Жизнь на грешной земле (сборник)
Шрифт:
Потом Дорофеев глянул на Катю, она сухо сказала:
– Рассказывают, что так… Сам отец об этом говорить не любил.
И быстро пошла в кухню.
…Через некоторое время все опять сидели на прежних местах, и секретарь райкома партии Дорофеев говорил:
– Колхоз, Катя, у вас небольшой. Каких-то триста гектаров пашни. Полсотни овечек, восемнадцать лошадей, три десятка дойных коров. Справишься, Катя, берись давай. А мы поможем. Завтра же вот соборем всех колхозников, собрание проведем.
– Ну что вы заладили, – по-прежнему отбивалась Катя. – Детишек-то я куда?
– Что ж они, маленькие у тебя, что ли, Катерина? – глухо проворчал Макеев. – Титьку сосут?
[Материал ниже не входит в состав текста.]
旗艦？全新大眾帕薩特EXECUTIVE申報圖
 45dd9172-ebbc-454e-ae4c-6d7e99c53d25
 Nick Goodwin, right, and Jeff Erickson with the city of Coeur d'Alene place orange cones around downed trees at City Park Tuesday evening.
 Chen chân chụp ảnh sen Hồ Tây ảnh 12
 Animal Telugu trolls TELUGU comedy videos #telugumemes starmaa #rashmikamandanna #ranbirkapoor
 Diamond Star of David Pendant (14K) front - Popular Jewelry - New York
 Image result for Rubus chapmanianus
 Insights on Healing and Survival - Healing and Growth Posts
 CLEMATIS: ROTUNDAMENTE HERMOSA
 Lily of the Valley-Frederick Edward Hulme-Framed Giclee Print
Зойке –
– Дак не сосут, а глаз за ними какой нужен?
– Да присмотрим, присмотрим, – мотал бородой Андрон. – Я, старуха моя, тетка Василиха… Всем-то колхозом! Ты ж десятилетку кончила.
– А старшего, Захарку тихомиловского, я в кузню возьму. Где поддержит чего, где подаст покуда. А там и молоток в руки. Так и делу обучу.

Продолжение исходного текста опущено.